▸ **Input data**
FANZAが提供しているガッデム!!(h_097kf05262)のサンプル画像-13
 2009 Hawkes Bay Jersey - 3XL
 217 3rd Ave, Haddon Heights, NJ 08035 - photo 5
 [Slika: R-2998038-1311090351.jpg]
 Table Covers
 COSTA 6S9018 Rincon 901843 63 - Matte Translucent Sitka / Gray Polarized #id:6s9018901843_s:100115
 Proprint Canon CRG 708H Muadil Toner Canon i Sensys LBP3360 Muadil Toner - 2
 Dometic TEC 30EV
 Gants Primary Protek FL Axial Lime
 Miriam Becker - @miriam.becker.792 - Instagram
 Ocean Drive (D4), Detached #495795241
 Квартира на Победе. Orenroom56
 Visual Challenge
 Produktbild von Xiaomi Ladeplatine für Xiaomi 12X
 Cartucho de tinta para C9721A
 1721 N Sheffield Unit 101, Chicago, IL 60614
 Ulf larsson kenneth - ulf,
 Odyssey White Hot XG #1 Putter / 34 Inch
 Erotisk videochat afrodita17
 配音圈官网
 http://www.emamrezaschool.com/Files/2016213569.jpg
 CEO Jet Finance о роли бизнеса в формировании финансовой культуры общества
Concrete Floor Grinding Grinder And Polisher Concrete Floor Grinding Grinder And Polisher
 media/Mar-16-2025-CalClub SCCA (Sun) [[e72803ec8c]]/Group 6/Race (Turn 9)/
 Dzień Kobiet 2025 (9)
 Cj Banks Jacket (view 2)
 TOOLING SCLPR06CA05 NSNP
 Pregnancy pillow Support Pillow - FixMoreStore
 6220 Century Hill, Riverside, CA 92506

▸ **Required action**
The expected response consists solely of the lines from the one with "TOOLING SCLPR06CA05 NSNP" through the end of the records, repeated exactly.

▸ **Solution below**
 TOOLING SCLPR06CA05 NSNP
 Pregnancy pillow Support Pillow - FixMoreStore
 6220 Century Hill, Riverside, CA 92506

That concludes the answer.